Las semanas transcurren parecidas bajo un cartel gigante que
se dibuja en el cielo de Buenos Aires: “no somos tan importantes”. Eso no te lo
enseñó tu psicólogo, lo aprendiste vos solo con el tiempo, dándote piñas con
paredes de concreto que no las viste venir. Sobre tu escritorio se acumulan
billetes de dos pesos y papeles sueltos de la facultad con los mails de los
profesores y anotaciones al margen. También aparece, en el rincón de una hoja,
el número de una compañera de Ramos que sabe tocar el violoncelo, o al menos
eso fue lo que aseguró mientras mataban los diez minutos de recreo en la esquina de Lavalle y Junin.
Ya te olvidaste el nombre porque tiene novio, pero es linda y los anteojos de
marco grueso le inventan unos ojos inmensos como los dibujitos de Disney.

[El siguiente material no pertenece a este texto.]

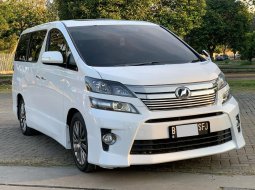 Toyota Vellfire Z Golden Eye 2015 1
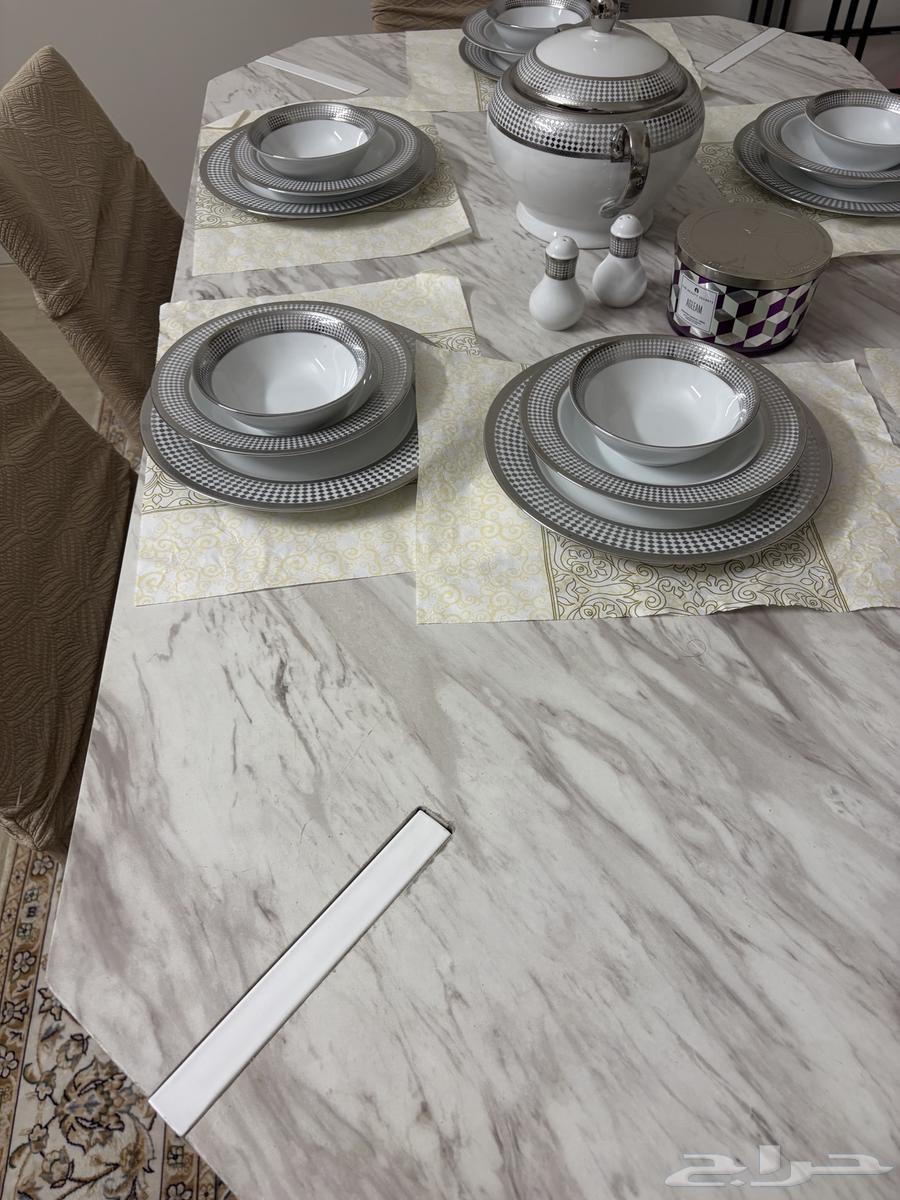 للبيع طاولة طعام64428349509635112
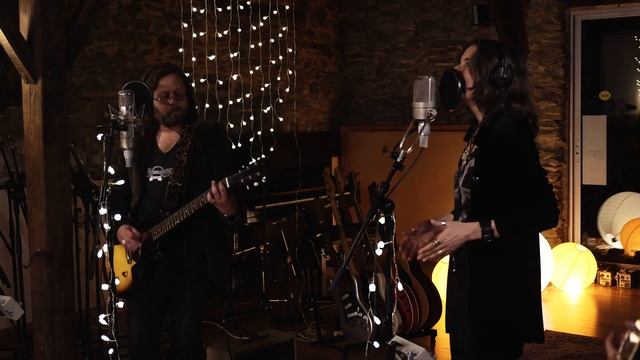 LUX the band - LULLABY - Live at Studio Black Box смотреть онлайн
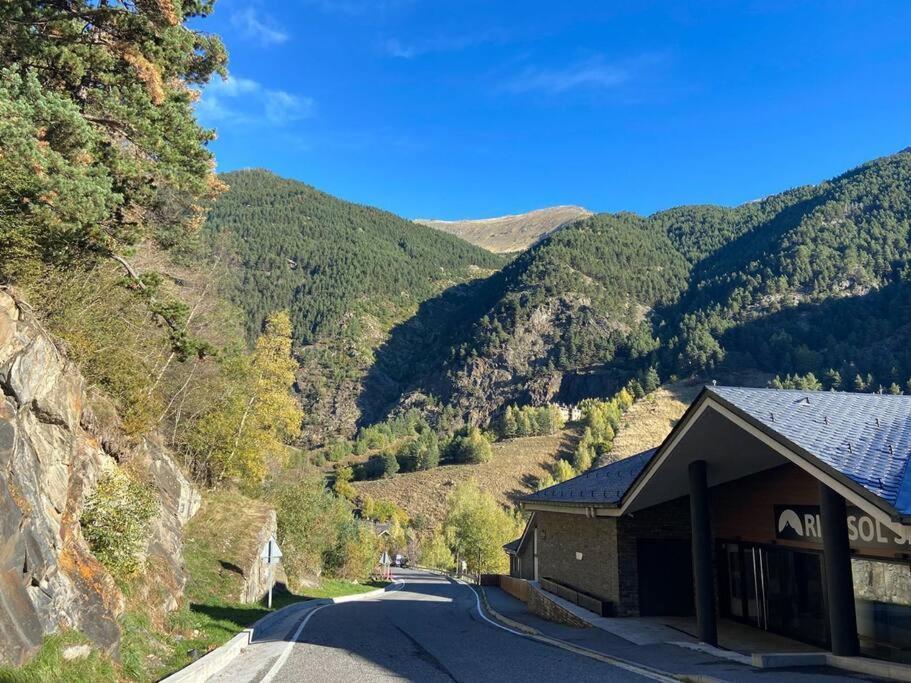 Iconic - A Pie De Pistas En 1 Minuto - Terraza Con Vistas Al Valle Arinsal - Parking Gratis L By Bonesvacances Eksteriør bilde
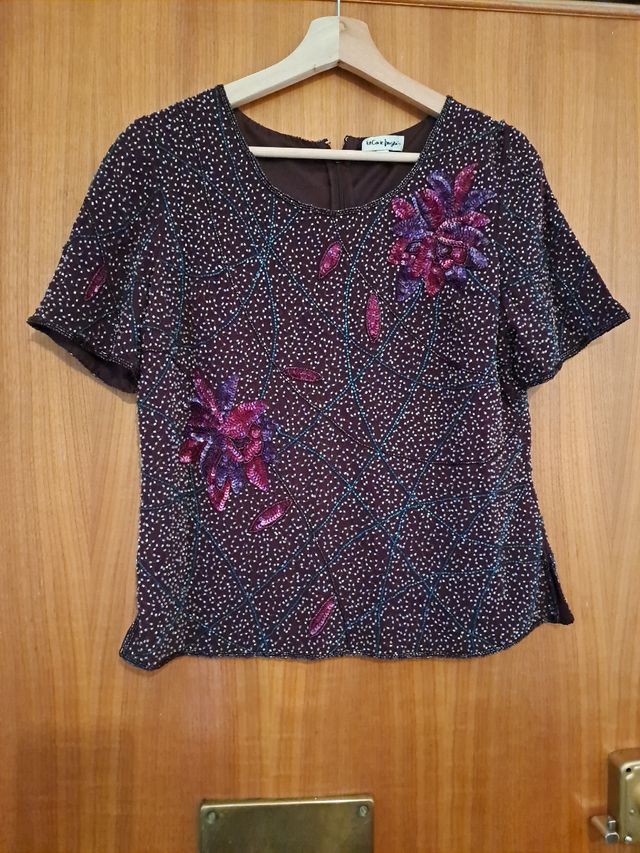 Blusa de mujer pedrería talla 44 un uso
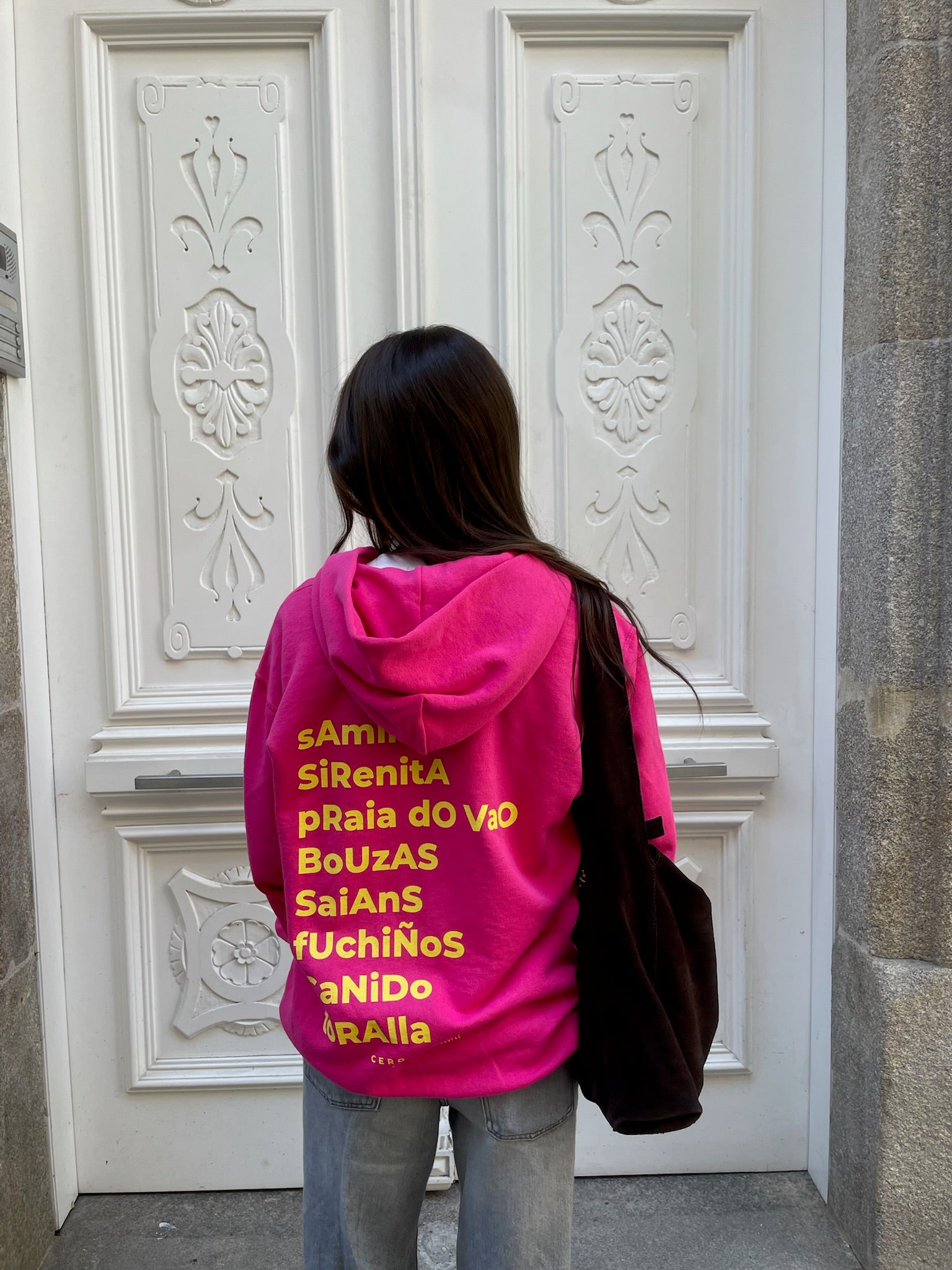 SUDADERA VIGO FUCSIA/AMARILLO CREMALLERA CON CAPUCHA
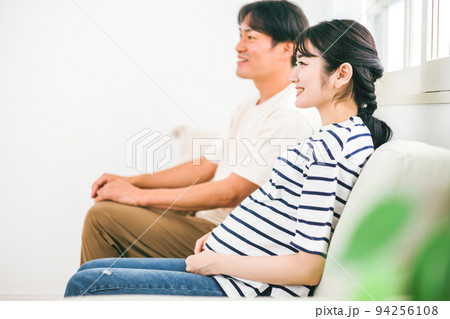 妊婦のお腹を触る男性(家族・パパ) 妊婦のお腹を触る男性(家族・パパ) 94256108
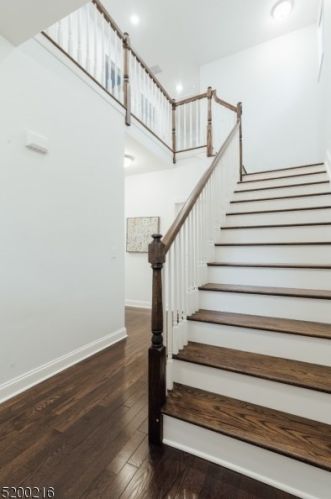 38 Walnut St, Little Falls NJ  07424-1402 exterior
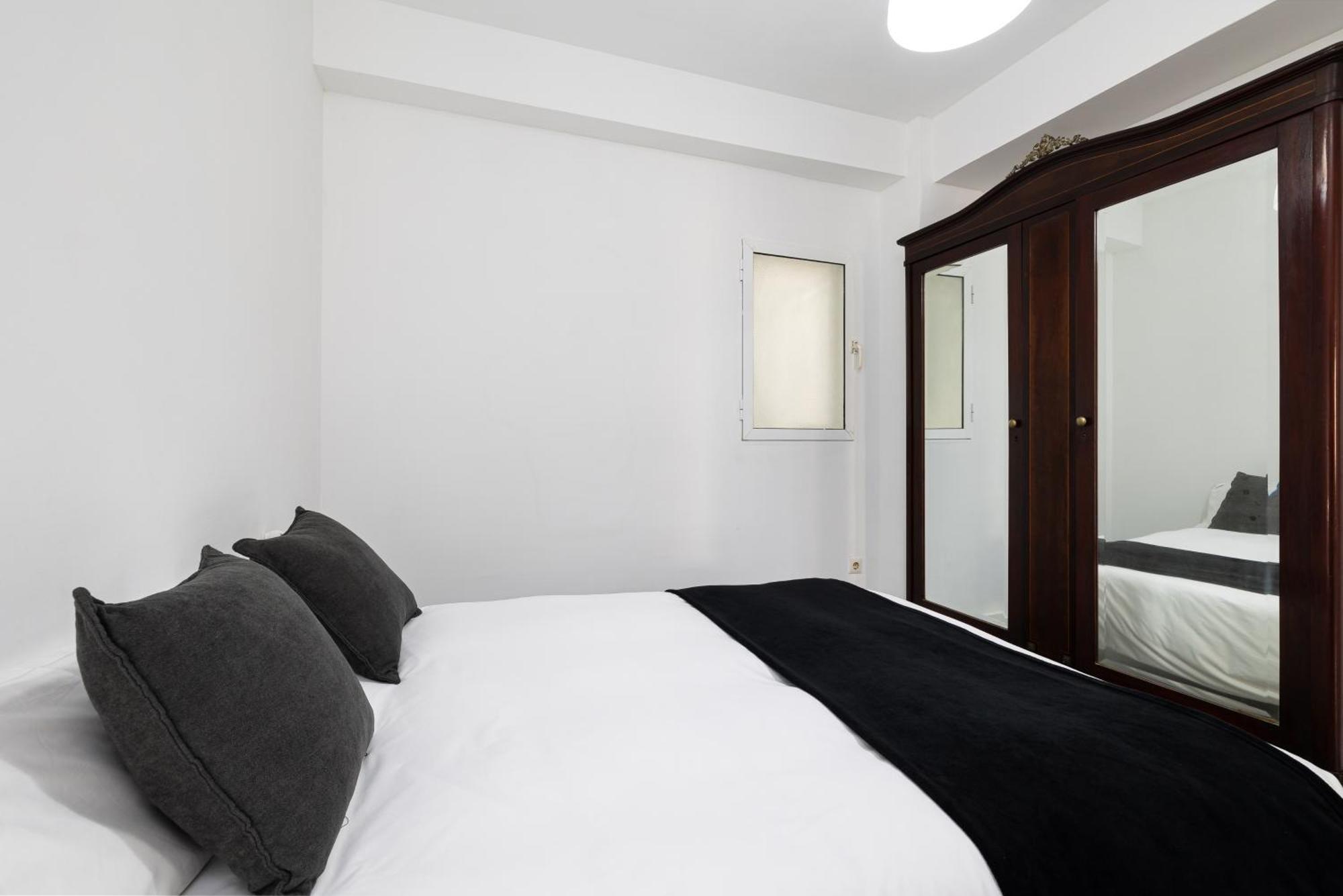 Apartamento H2m Marmoles 3 & 2 Banos Con Balcon Málaga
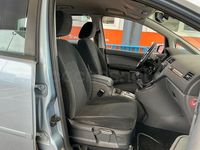 Usado Ford C-MAX Ghia 109 CV (80 kW) 2004 Gris / plata Monovolumen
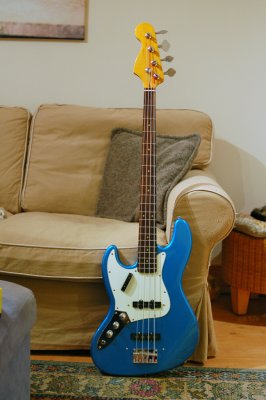 jazz bass.jpg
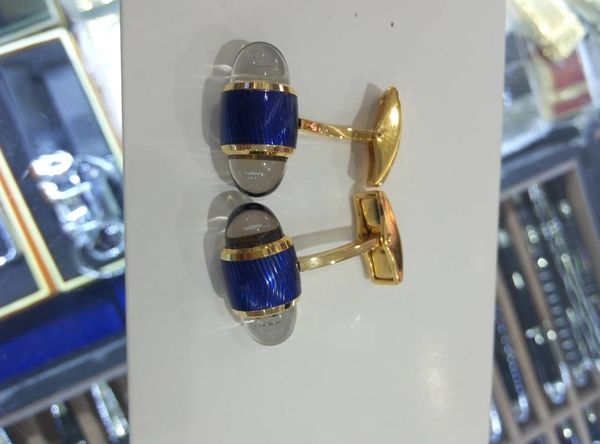 Free Shipping-Europe's most popular High-end French mb cufflinks, the sign of successful man
Free Shipping-Europe's most popular High-end French mb cufflinks, the sign of successful man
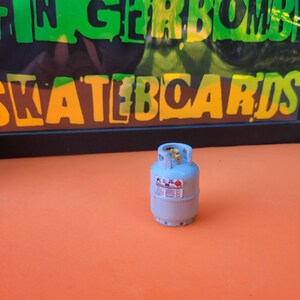 FingerbombSK8boards custom Fingerboard Obstacles (Propane Tank)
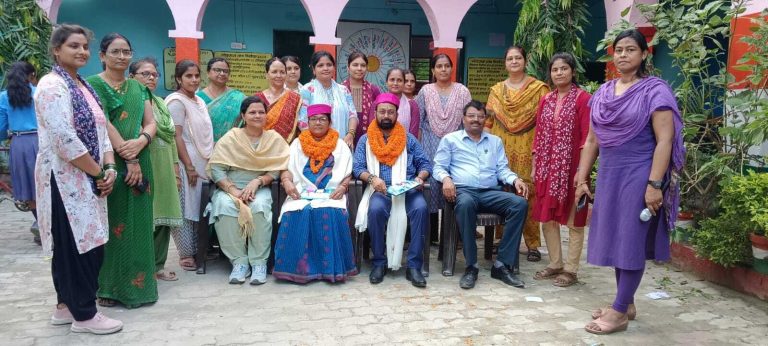 Samastipur : स्थानांतरित शिक्षक को सम्मानपूर्वक विदाई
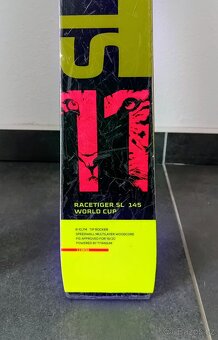 Juniorské slalomky volkl racetyger - 2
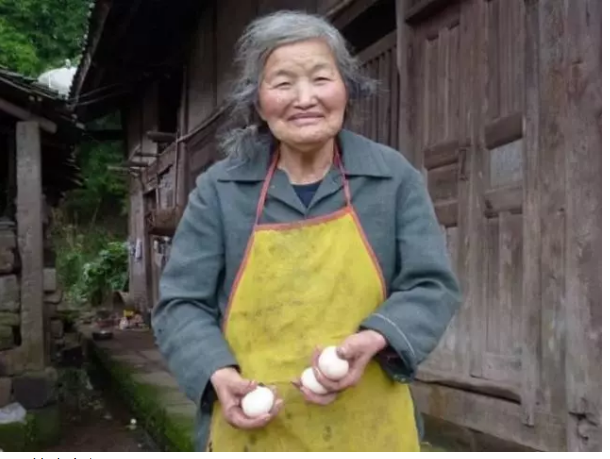 如何判断土鸡蛋的真假，鉴别土鸡蛋最快方法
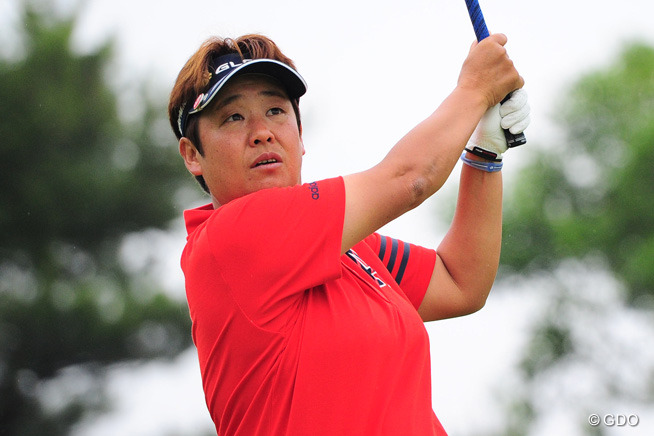 42歳・表純子が首位浮上 5勝目かけ最終日へ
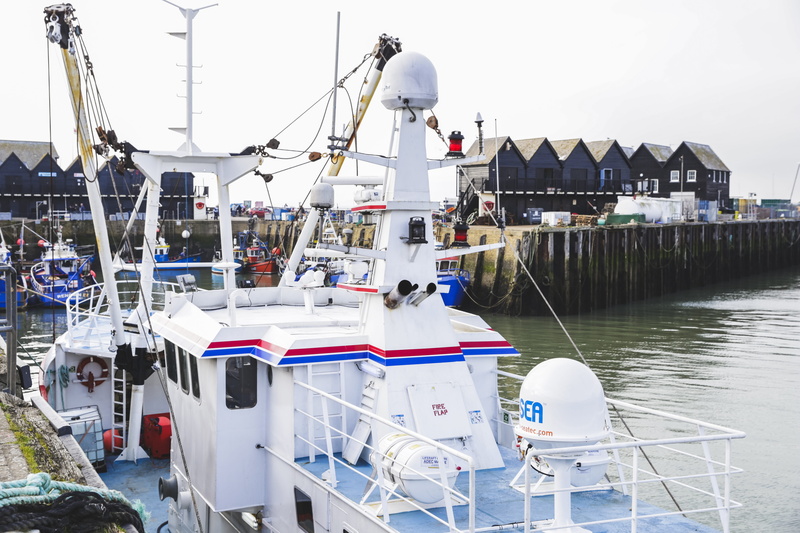 sky, angleterre, uk, water, whistable, united kig, fishing industry, europe, vacation, coast, nautical vessel, architecture, sailboat, nature, built structure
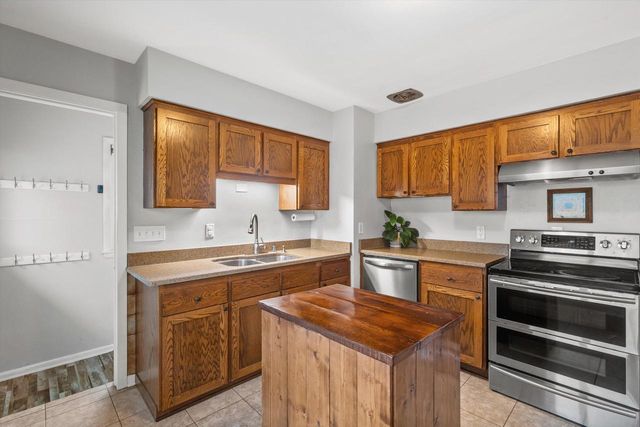 N85W17120 Ann AVENUE, Menomonee Falls, WI 53051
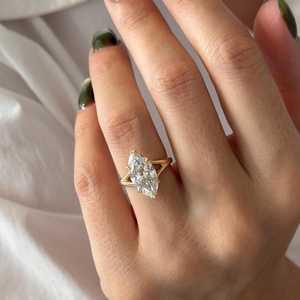 3.5 Carat Marquise E VVS2 Lab Grown Diamond BEAUTIFUL <b>Split</b> Shank Engagement <b>Ring</b> in Yellow Gold , IGI Certified - Product Image 6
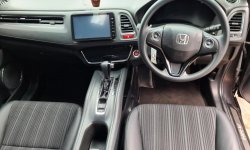 Honda HRV E AT ( Matic )  2017 Abu2 Tua Km 61rban Siap Pakai 8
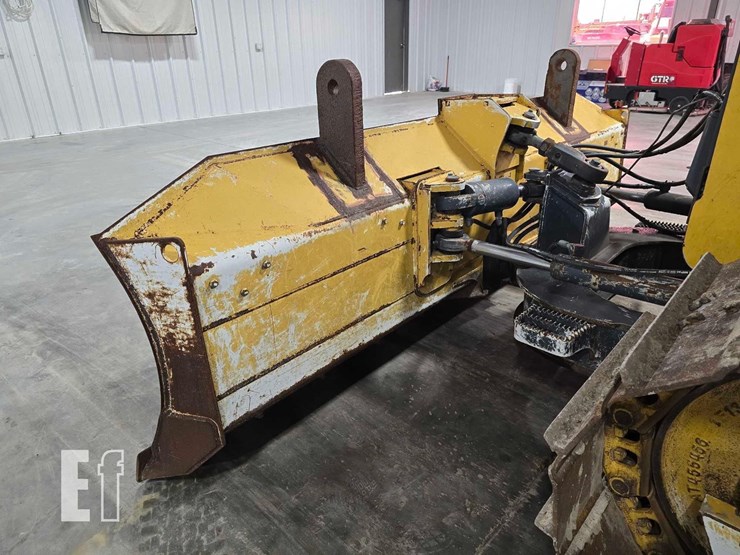 2022-deere-650k-lgp-image-12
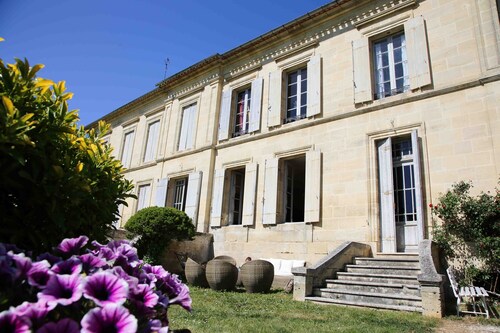 Exceptional Stay at Château Le Noble with Private Pool – In the Heart of a Historic Vineyard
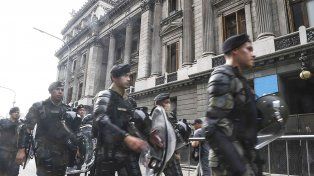 &nbsp;Organizaciones sociales, de cultura, estudiantes, asambleas barriales y la izquierda se movilizan al Congreso donde hay un fuerte operativo de seguridad.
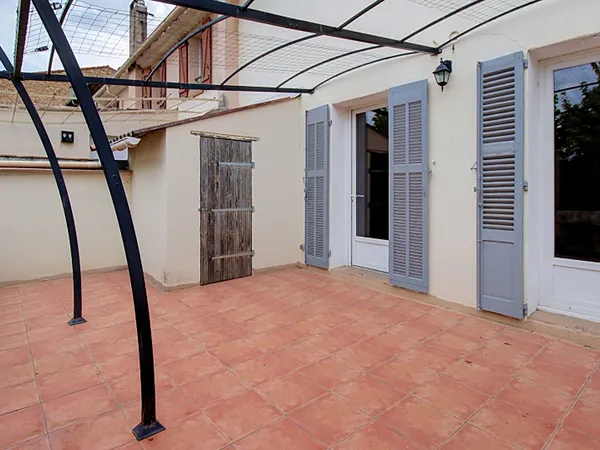 A VENDRE EN EXCLUSIVITÉ - Appartement T3 d'environ 60m2 avec terrasse et combles aménageables - Cent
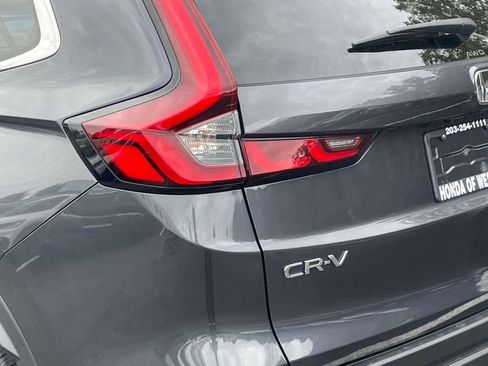 Used 2025 Honda CR-V LX image 9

A la noche lees poco, apenas una página o dos antes de caer
en un sueño pesado que te pasea por los pasillos más turbios de tu conciencia.
Un
viernes vas a un asado y tenés la sensación de que tus amigos hablan en un
código indescifrable. Hay un promedio que ya sacaste: cada una semana alguien
te pregunta por qué no tenés facebook, pero recién ahora, después de comer,
apartado en una reposera y recordando
una letra de Serú Girán, crees haber encontrado la respuesta: porque no sos
parte del mar.
Cuando llegás a tu casa redactás un mail para tu psicólogo agradeciéndole
por el mes de terapia pero lo guardás como borrador. Pensás que valió la pena, cuatro sesiones en donde
largaste todo lo acumulado en 22 años, como esa escena de Semi Pro en donde
Will Ferrel le confiesa a Woody Harrelson que nunca vomitó en su vida y éste lo
hace correr alrededor de una cancha de básquet durante horas y horas hasta que finalmente se produce el Gran
Quiebre de Will.
Ahora lo que querés es empezar a boxear, que un entrenador
de barrio te humille al extremo, te diga que vos estás para otra cosa, pibe,
pero igual seguir yendo todas las semanas hasta que dé el brazo a torcer y se
decida a entrenarte. Eso lo sacaste de otra película, seguro.
Pero lo que realmente querés es que te caguen a trompadas de una vez por todas.